Two brothers, Richard and Steven, formed two separate companies, Plant Interior Plantscapes (PIP) and Parker Wholesale Florists (PWF), in which each brother had a 50% interest. The companies did business from the same location and shared overhead but were otherwise independent enterprises. Decades later, each brother filed suit, claiming he qualified as an oppressed shareholder. As the court put it: “Both litigants seek to have the court remedy every injustice they perceive has befallen them over the last 25 years at the hand of the other. This, of course, cannot be done.”
The court found Steven had engaged in shareholder oppression by allowing PWF to incur huge losses over 20 years and by “continually” withdrawing funds from PIP to cover the losses, without obtaining Richard’s consent. It ordered Steven to sell his 50% interest in PIP to Richard.
Conduct unbecoming: Under New Jersey law, courts tasked with determining fair value in a forced buyout have “substantial” discretion to adjust the purchase price to reflect a marketability discount. The resulting value must be “fair and equitable.” The state Supreme Court has held that in “extraordinary circumstances” a DLOM may be appropriate to ensure the shareholder instigating the problems does not receive a windfall as a result of his or her conduct.

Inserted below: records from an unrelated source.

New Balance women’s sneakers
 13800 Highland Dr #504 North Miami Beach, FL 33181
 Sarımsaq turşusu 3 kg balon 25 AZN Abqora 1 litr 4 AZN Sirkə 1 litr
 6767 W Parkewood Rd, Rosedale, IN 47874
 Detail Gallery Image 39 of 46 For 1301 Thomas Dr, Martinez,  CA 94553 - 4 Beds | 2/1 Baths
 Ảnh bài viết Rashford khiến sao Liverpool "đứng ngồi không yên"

In the instant case, the court found that Steven’s wrongful conduct created an extraordinary situation. To calculate the price of Steven’s interest in PIP, both sides’ experts relied primarily on a discounted cash flow analysis and looked to IRS Revenue Ruling 59-60. Richard’s expert used a 25% DLOM and a 15% minority discount, saying he believed Richard to be the oppressed shareholder and discounts “needed to be applied.” The court found this was a legal conclusion the expert was not qualified to make.
However, the court generally accepted the expert’s analysis, including the application of a 25% DLOM. Steven’s actions “were the cause of the lawsuit,” the court said. At the same time, the court noted that, while exceptional circumstances, in this case, justified a DLOM, they did not “automatically” entitle Richard to a minority discount. The court rejected the DCF model Steven’s expert proposed, finding the expert’s projections were problematic. Moreover, the court required Steven to account for any proceeds from the liquidation of his company, PWF.
The case is Parker v. Parker, 2016 N.J. Super. Unpub. LEXIS 2720 (Dec. 22, 2016).